Rimasi immobile a guardarla morire, perché era quello che lei voleva, perché era quello che aveva a lungo desiderato, ma ora poteva farlo, perché aveva finito di parlare.
- Mi mancherai, Alyssenda Vane.- sussurrai
- Non è vero.- ridacchiò lei, appoggiandosi alla sedia a dondolo e dandosi una leggera spinta. Mi alzai in piedi e raggiunsi le sue spalle
- Se ti avessi amata dal principio, non sarebbe finita così.-
- Forse, Rodolphus. Forse.- mi corresse gentilmente. Poggiai le mani sullo schienale della sedia e spinsi, sorridendo mio malgrado, al pensiero di quella morte. La mia tenera Alyssenda se ne andava verso luoghi migliori, dove poteva illudersi non fossi stato così sciocco.
Il sangue le aveva impregnato la mantella lilla, l’odore del ferro soffocava quello del glicine e dell’edera. I suoi occhi diventavano sempre più scuri, sempre più vitrei ed assenti
- Non ho altro da dirti, Alyssenda.-
- Lo so, lo so…- sussurrò lei, poggiando il capo contro la spalla -.. lo… so… lo so.- andai di fronte a lei, e le presi un polso, baciando con trasporto la profonda ferita. Il sangue non aveva sapore, in quel momento, tanto ero assorto, tanto ero perso.
- Ti amavo a mio modo, Alyssenda.-
- Lo so. So anche questo, Rodolphus.-
Lentamente, portò le sue labbra sulle mie.
- Ti amo, Rodolphus.- e si spese, esausta, stanca, spaventata ed intontita, si addormentò sulla mia spalla, crollando su di me. La cascata dei suoi capelli neri inondò il mio petto. Rimasi a fissarla, mentre moriva. Prima che le tenebre cadessero per sempre su di lei, però, la mia Alyssenda sfidò la sorte per lanciarmi un ultimo sguardo.
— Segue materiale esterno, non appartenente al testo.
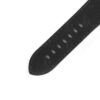 Custom OEM Premium calf material black leather Panerai strap 24mm 26mm 22mm & watch band replacement for Panerai Luminor Due Radiomir luxury watches for sale - Shop the best quality calfskin watch straps and watchbands from DR Watchstrap online at a low price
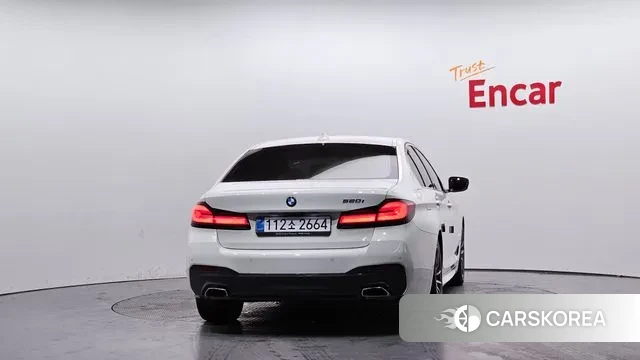 BMW 5 Series (G30) id 3540386 из Кореи 14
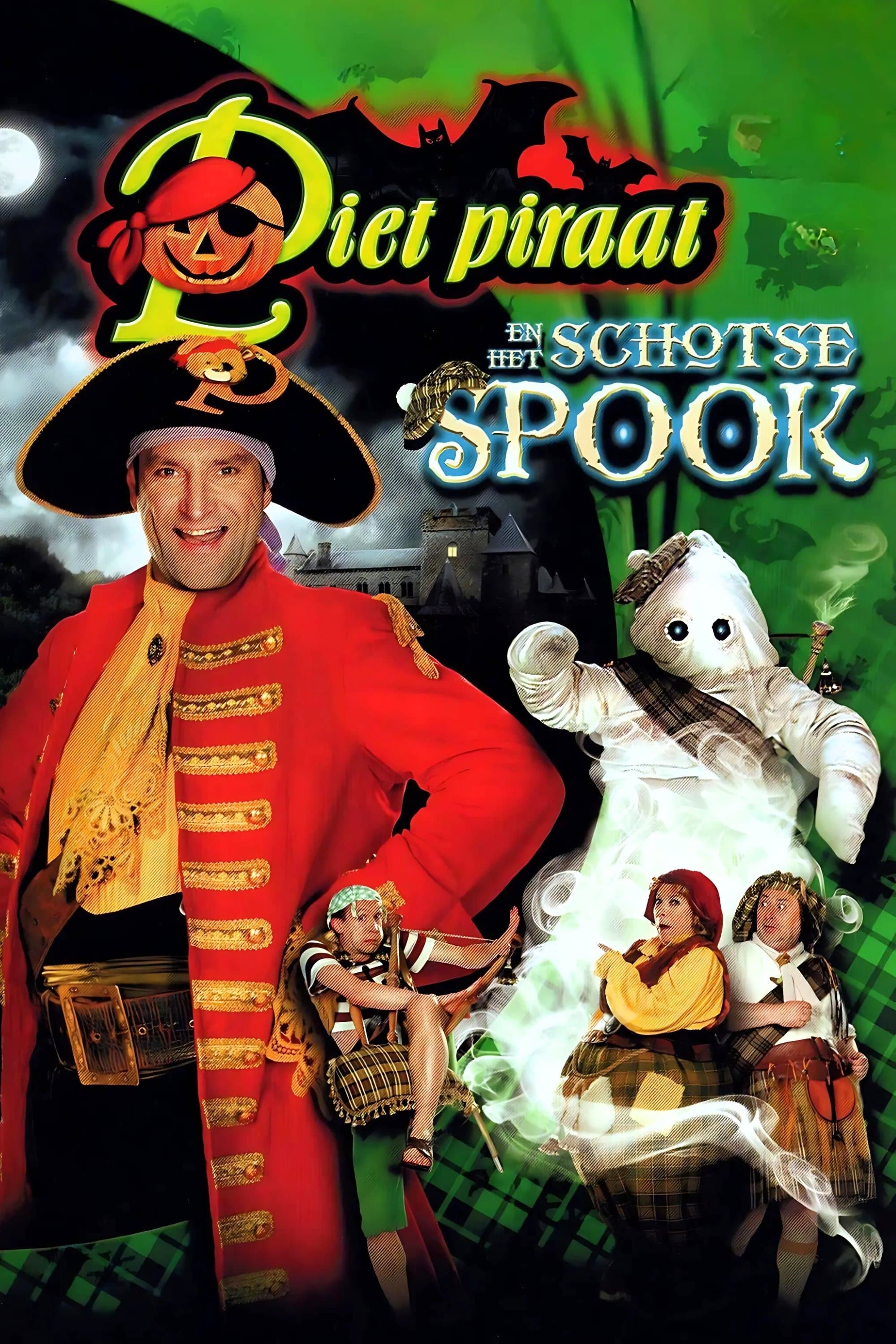 Piet Piraat Special: The Scottish Ghost full movie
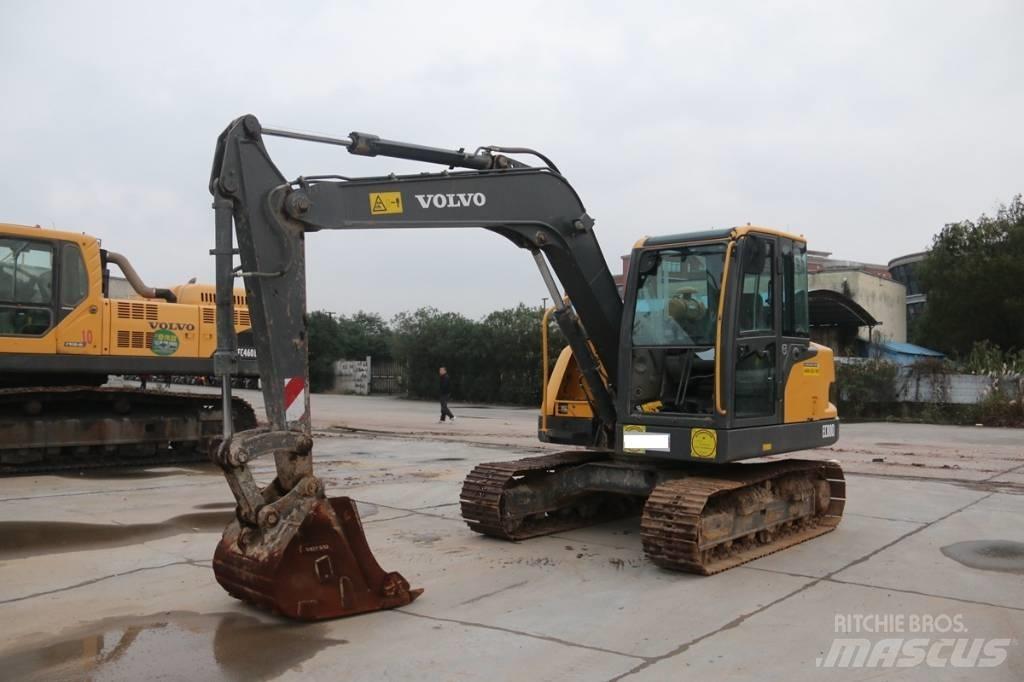 Volvo EC65 Excavadoras sobre orugas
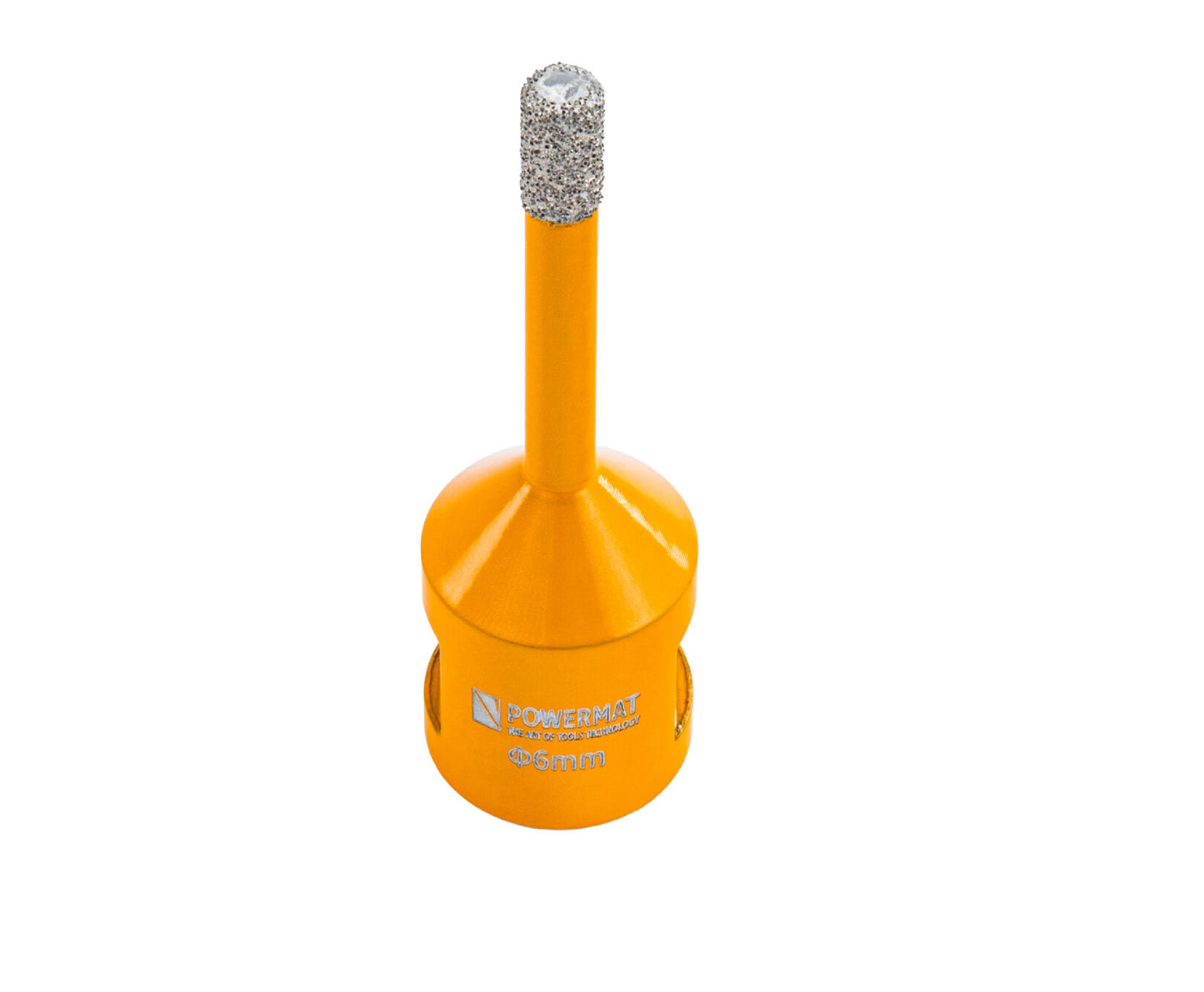 Carota diamantata pentru ceramica PM-DWK-6M14M, 6 mm, Powermat PM1566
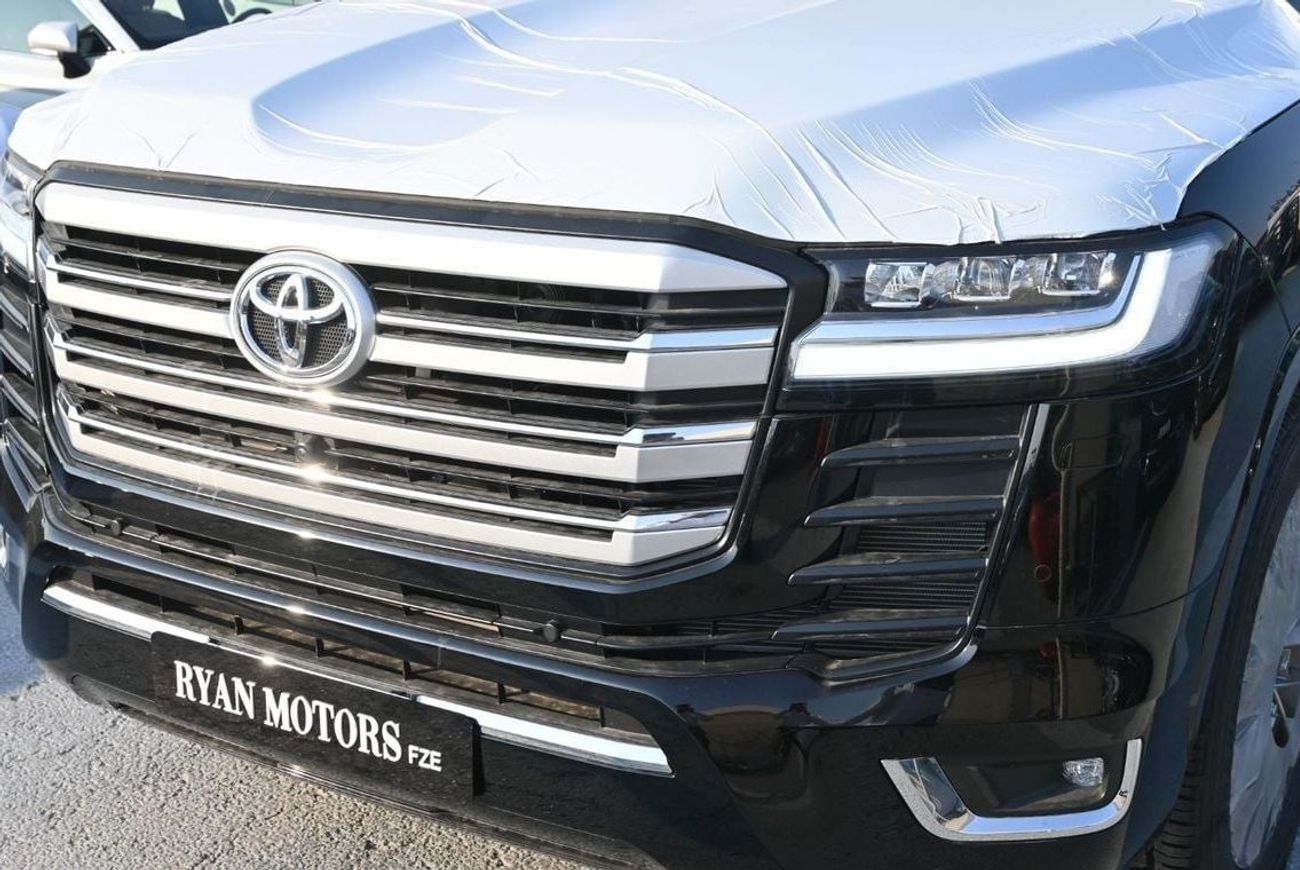 تويوتا لاند كروزر VXR 3.5L Toyota Land Cruiser VX-R 3.5L TwinTurbo V6, 4WD, 10 Speed AT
E allora i suoi occhi furono splendenti come il sole.”

Rodolphus Lestrange si consegnò agli Auror la notte dopo.
Quando però, tempo dopo, il Lord Oscuro lo fece evadere, Rodolphus non rispose subito alla chiamata. Si prese il tempo per raggiungere la casa di Alyssenda, entrare nel salotto, uscire nel giardino.
Trovò il tralcio d’edera, le cui foglie verdi scintillavano come smeraldi nello stringersi al resto del glicine, perito ormai per il caldo e per la mancanza di cure.
Rodolphus sfiorò la pianta secca e le strappò un bocciolo morto sul fusto.
Poi strinse fra le dita una foglie di edera e la recise.
Si mise in tasca ciò che restava di Alyssenda Vane.
Poi, in lacrime, sradicò per sempre quel tralcio di edera che si permetteva ancora di vivere dopo la dipartita del suo amore.